Mitigating strike-slip fault rupture damage in buried steel pipelines with geogrid reinforcement

This study investigates the effectiveness of geogrid reinforcement in mitigating seismic damage to buried continuous steel pipelines subjected to strike-slip fault rupture. Single and double geogrid layers installed in the surrounding soil aimed to redistribute the concentrated stresses and strains along the pipe, thereby reducing localized failure. Three-dimensional numerical models were developed to explicitly represent the steel pipe, soil deposit, and geogrid layers, capturing their complex interactions. Fault rupture was applied incrementally up to 4 m, and reinforced pipelines were evaluated against unreinforced cases using strain-based criteria, including maximum tensile strain, local buckling, ovalization, and geogrid rupture. The influence of design parameters, pipeline orientation, and wall thickness was also assessed. Geogrid reinforcement markedly enhanced seismic performance, delaying tensile, buckling, and distortion failures.
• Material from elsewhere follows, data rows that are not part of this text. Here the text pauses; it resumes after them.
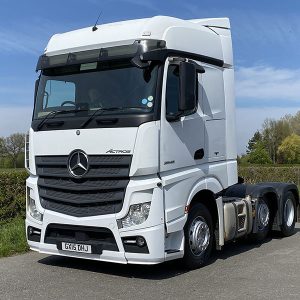 Mercedes Benz Actros 2545 6 X 2 Tractor Unit - Image 1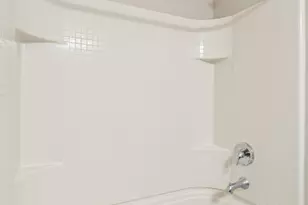 2725 E Mine Creek Rd, Phoenix, AZ 85024 - Photo 27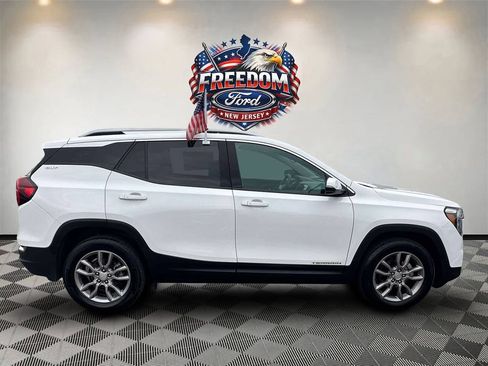 Used 2024 GMC Terrain SLT AWD/4WD image 4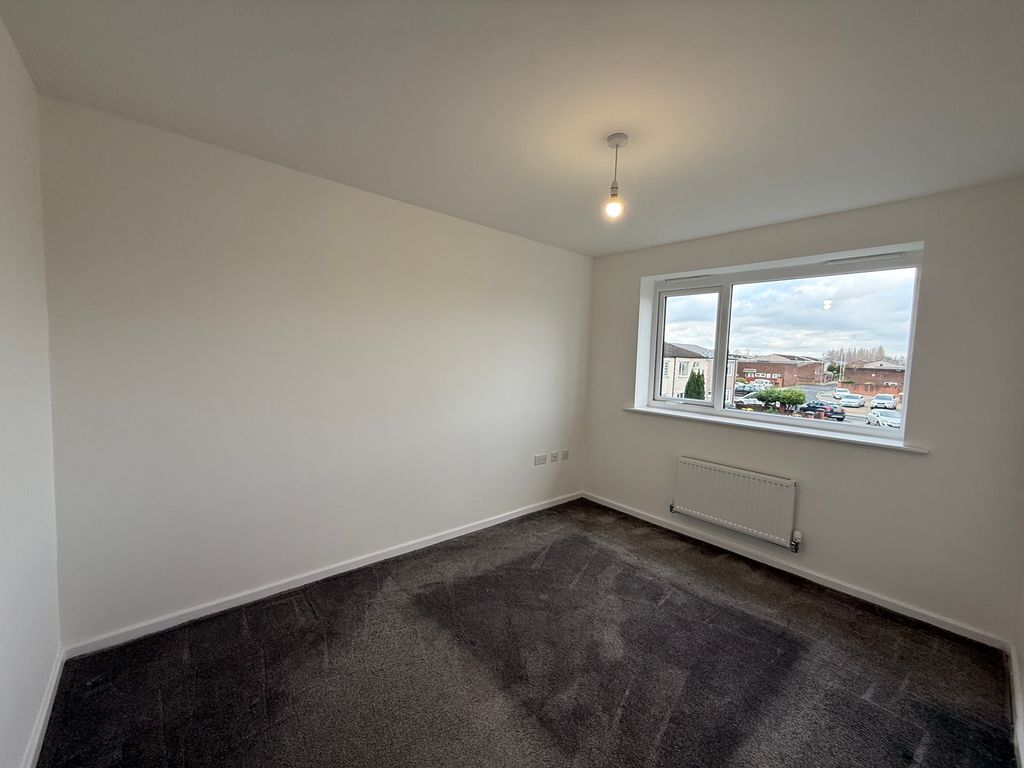 Property photo 3 of 9 En-Suite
Double-layer reinforcement increased the critical fault displacement by more than 96% and produced more distributed deformation than unreinforced pipelines. Parametric optimization further enhanced performance: increasing the fault crossing angle from 10° to 30° and reducing the D/t ratio from 144 to 58 improved resilience by approximately 30% and 54%, respectively. Obtained numerical results demonstrate that geogrid reinforcement is an effective and practical strategy for improving the seismic resilience of buried steel pipelines crossing active faults.